There are many symptoms of learning disabilities. They become manifest in different combinations in children who suffer from this disorder irrespective of their intelligence, motivation, and hard work for learning. Here are few symptoms to understand if a child has learning issues.

  1. Difficulties in writing letters, words and phrases, reading out text, and speaking appear quite frequently. Quite often they have listening problems, although they may not have auditory defects. Such children are very different from others in developing learning strategies and plans.
  2. Learning-disabled children have disorders of attention. They get easily distracted and cannot sustain attention on one point for long. More often than not, attentional deficiency leads to hyperactivity, i.e. they are always moving, doing different things, trying to manipulate things incessantly.
  3. Poor space orientation and inadequate sense of time are common symptoms. Such children do not get easily oriented to new surroundings and get lost.

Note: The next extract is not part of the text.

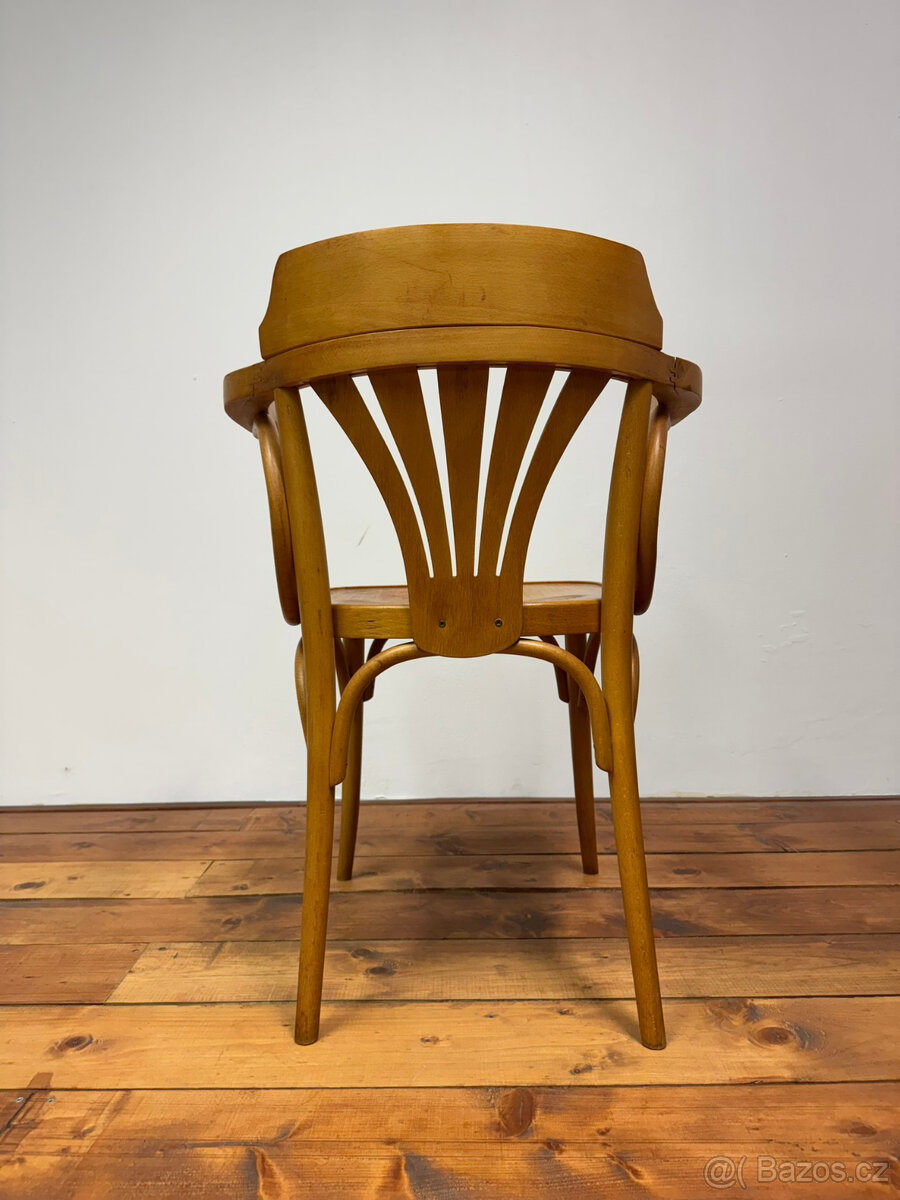 Oblíbená křesla TON č.25 (větší model) 7 kusů - 7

They lack a sense of time and are late or sometimes too early in their routine work. They also show confusion in direction and misjudge right, left, up and down.

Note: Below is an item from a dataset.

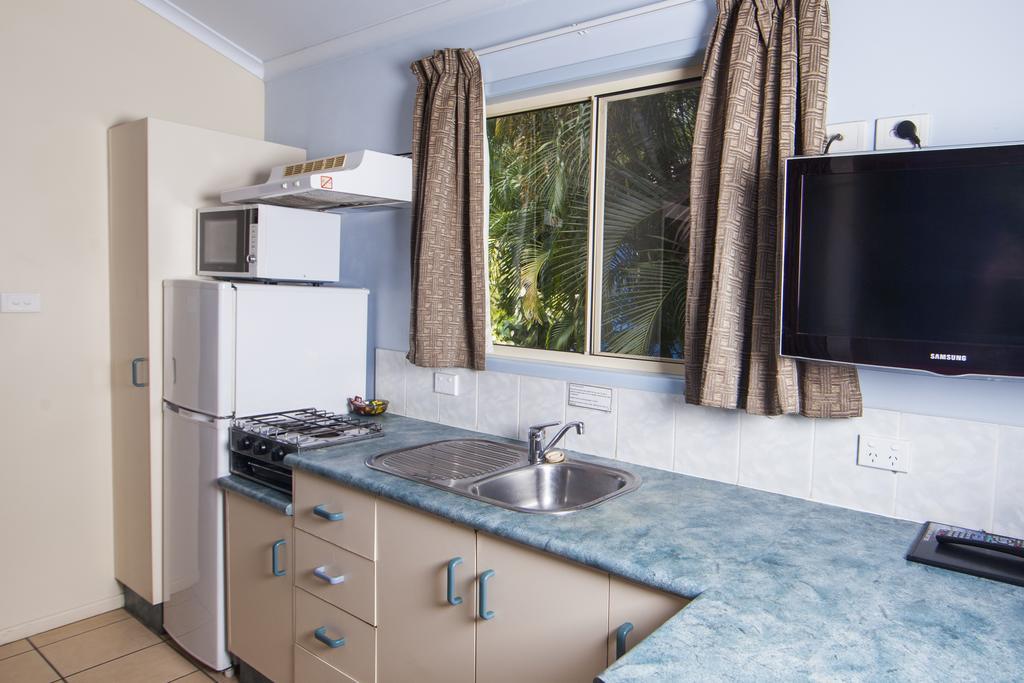 Lake Placid Tourist Park Hotel Caravonica Room photo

  4. Learning-disabled children have poor motor coordination and poor manual dexterity. This is evident in their lack of balance, inability to sharpen pencil, handle doorknobs, difficulty in learning to ride a bicycle, etc.

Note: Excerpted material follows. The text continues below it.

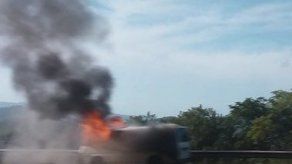 Auto se incendia en Loma Campana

  5. These children fail to understand and follow oral directions for doing things.
  6. They misjudge relationships as to which classmates are friendly and which ones are indifferent. They fail to learn and understand body language.
  7. Learning-disabled children usually show perceptual disorders. These may include visual, auditory, tactual, and kinesthetic mis-perception. They fail to differentiate a call-bell from the ring of the telephone. It is not that they do not have sensory acuity. They simply fail to use it in performance.
  8. Fairly large number of learning-disabled children have dyslexia. They quite often fail to copy letters and words; for example, they fail to distinguish between b and d, p and q, P and 9, was and saw, unclear and nuclear, etc. They fail to organise verbal materials.

It must be noted that learning disabilities are not incurable. Remedial teaching methods go a long way in helping them to learn and become like other students. Educational psychologists have developed appropriate techniques for correcting most of the symptoms related to learning disabilities.